DATA LISTING:
/---
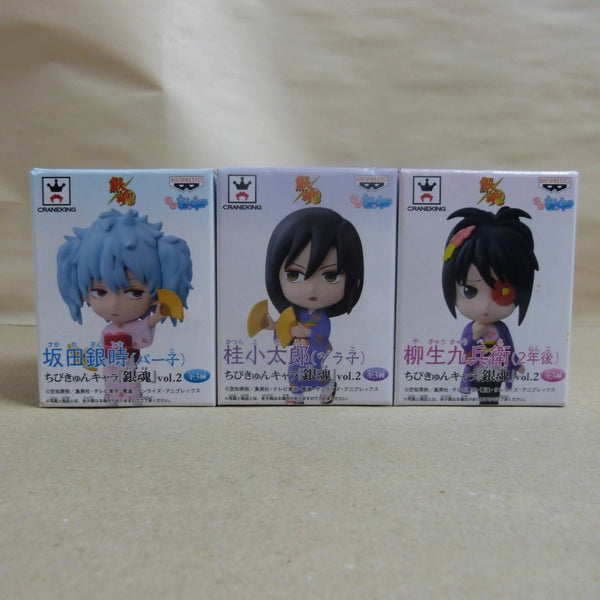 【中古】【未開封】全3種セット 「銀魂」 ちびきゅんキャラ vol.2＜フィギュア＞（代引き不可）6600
\---
/---
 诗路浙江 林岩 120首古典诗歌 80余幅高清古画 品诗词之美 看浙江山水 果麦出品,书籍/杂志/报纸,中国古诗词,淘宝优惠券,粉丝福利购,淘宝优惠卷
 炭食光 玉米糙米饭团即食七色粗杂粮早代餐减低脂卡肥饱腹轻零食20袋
\---
GOAL OF THE EXERCISE: Copy out the lines above exactly, beginning at the one that contains "诗路浙江 林岩 120首古典诗歌" and ending at the one that contains "炭食光 玉米糙米饭团即食七色粗杂粮早代餐减低脂卡肥饱腹轻零食20袋".

WRITTEN ANSWER:
 诗路浙江 林岩 120首古典诗歌 80余幅高清古画 品诗词之美 看浙江山水 果麦出品,书籍/杂志/报纸,中国古诗词,淘宝优惠券,粉丝福利购,淘宝优惠卷
 炭食光 玉米糙米饭团即食七色粗杂粮早代餐减低脂卡肥饱腹轻零食20袋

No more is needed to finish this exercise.